▶ [TASK TO CARRY OUT]
Write out the data exactly as given, dropping every picture.

▶ [MATERIAL SUPPLIED]
*-*-*

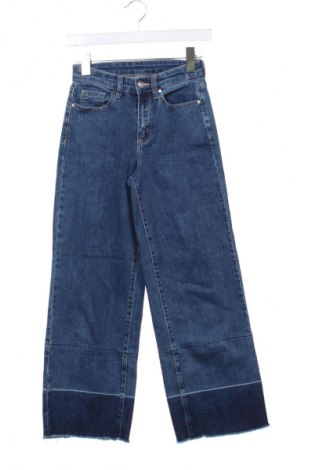 Damskie jeansy Unbranded, Rozmiar XXS, Kolor Niebieski, Cena 124,48 zł
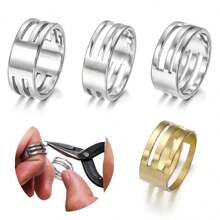 1/5/10 piezas Herramientas de apertura y cierre de anillos de salto para joyería, abridor de anillos de salto para manualidades de joyería DIY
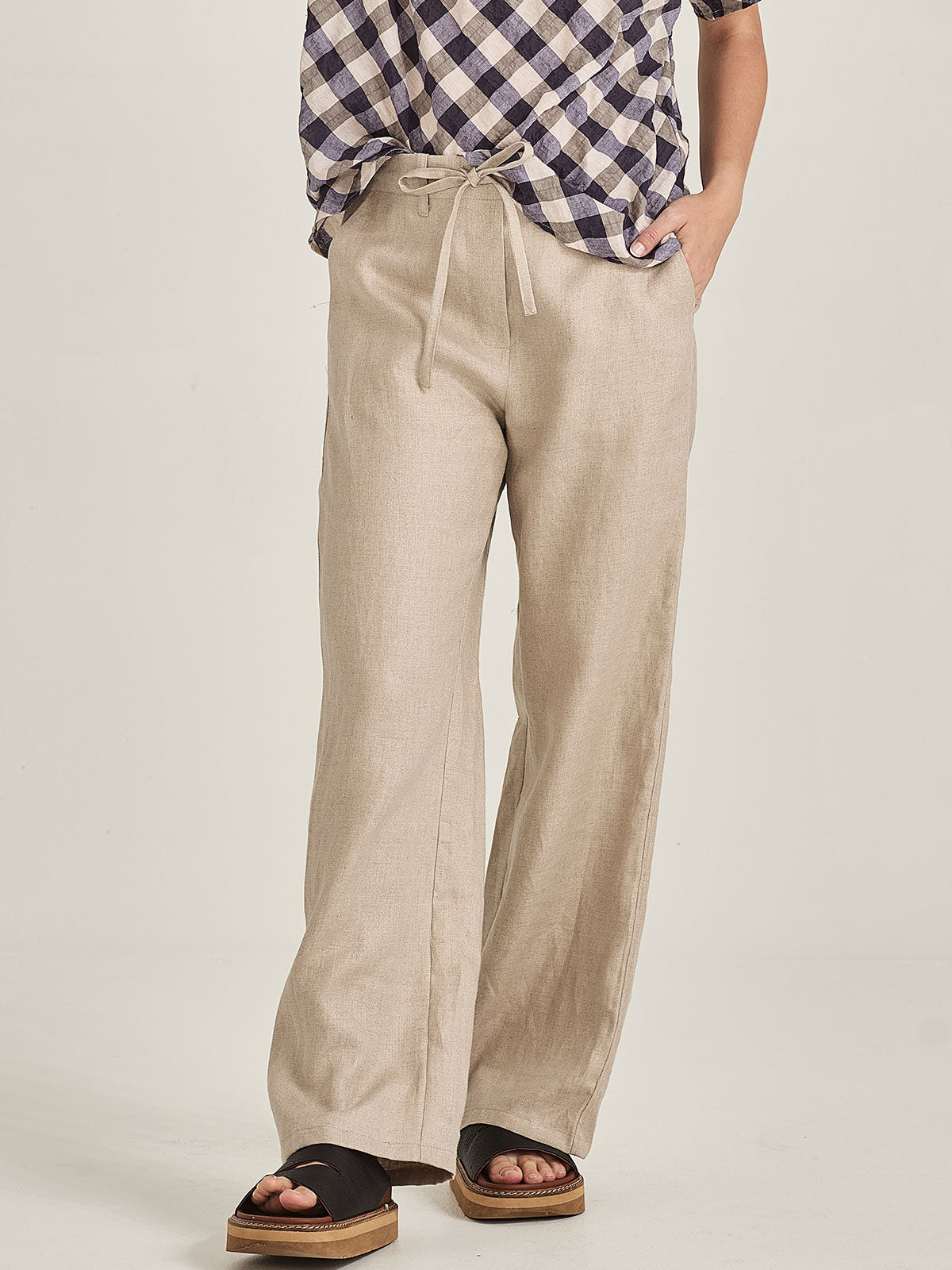 Lincoln Linen Pant
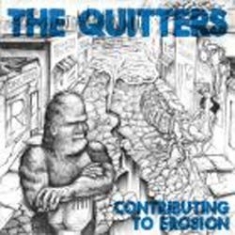 Quitters - Contributing To Erosion in the group VINYL / Rock at Bengans Skivbutik AB (1057314)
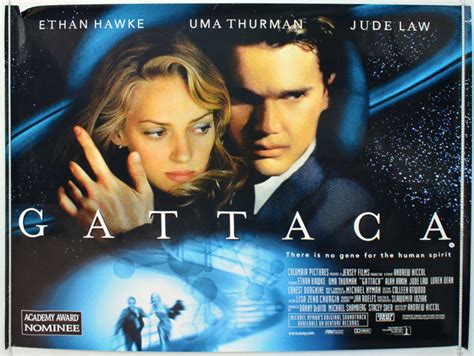 It was released on 24 october 1997 (usa). Gattaca - Original Cinema Movie Poster From pastposters ...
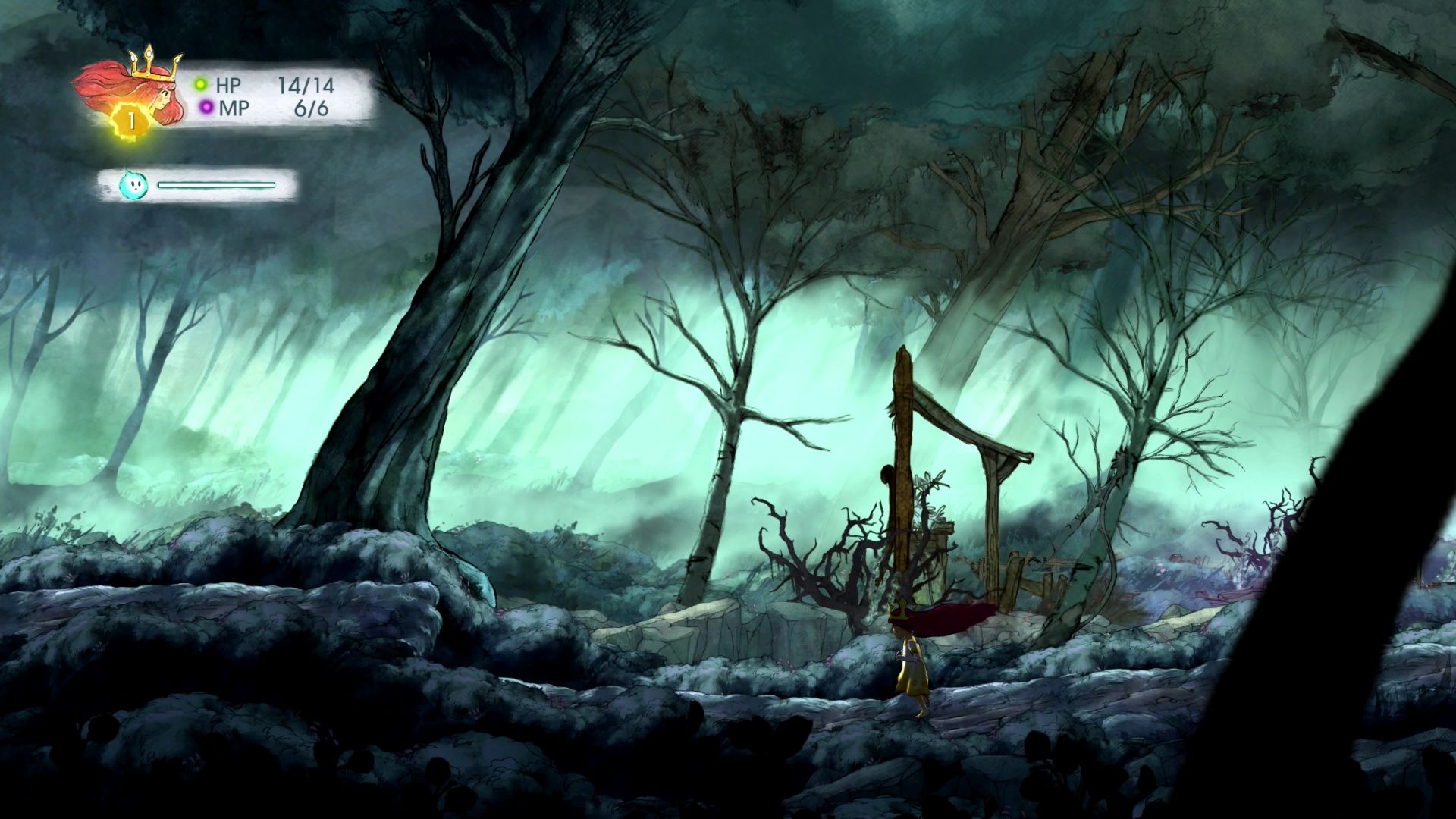 Child Of Light Computer Wallpaper, Desktop Background.34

*-*-*

▶ [COMPLETED EXERCISE]
 Damskie jeansy Unbranded, Rozmiar XXS, Kolor Niebieski, Cena 124,48 zł
 1/5/10 piezas Herramientas de apertura y cierre de anillos de salto para joyería, abridor de anillos de salto para manualidades de joyería DIY
 Lincoln Linen Pant
 Quitters - Contributing To Erosion in the group VINYL / Rock at Bengans Skivbutik AB (1057314)
 It was released on 24 october 1997 (usa). Gattaca - Original Cinema Movie Poster From pastposters ...
 Child Of Light Computer Wallpaper, Desktop Background.34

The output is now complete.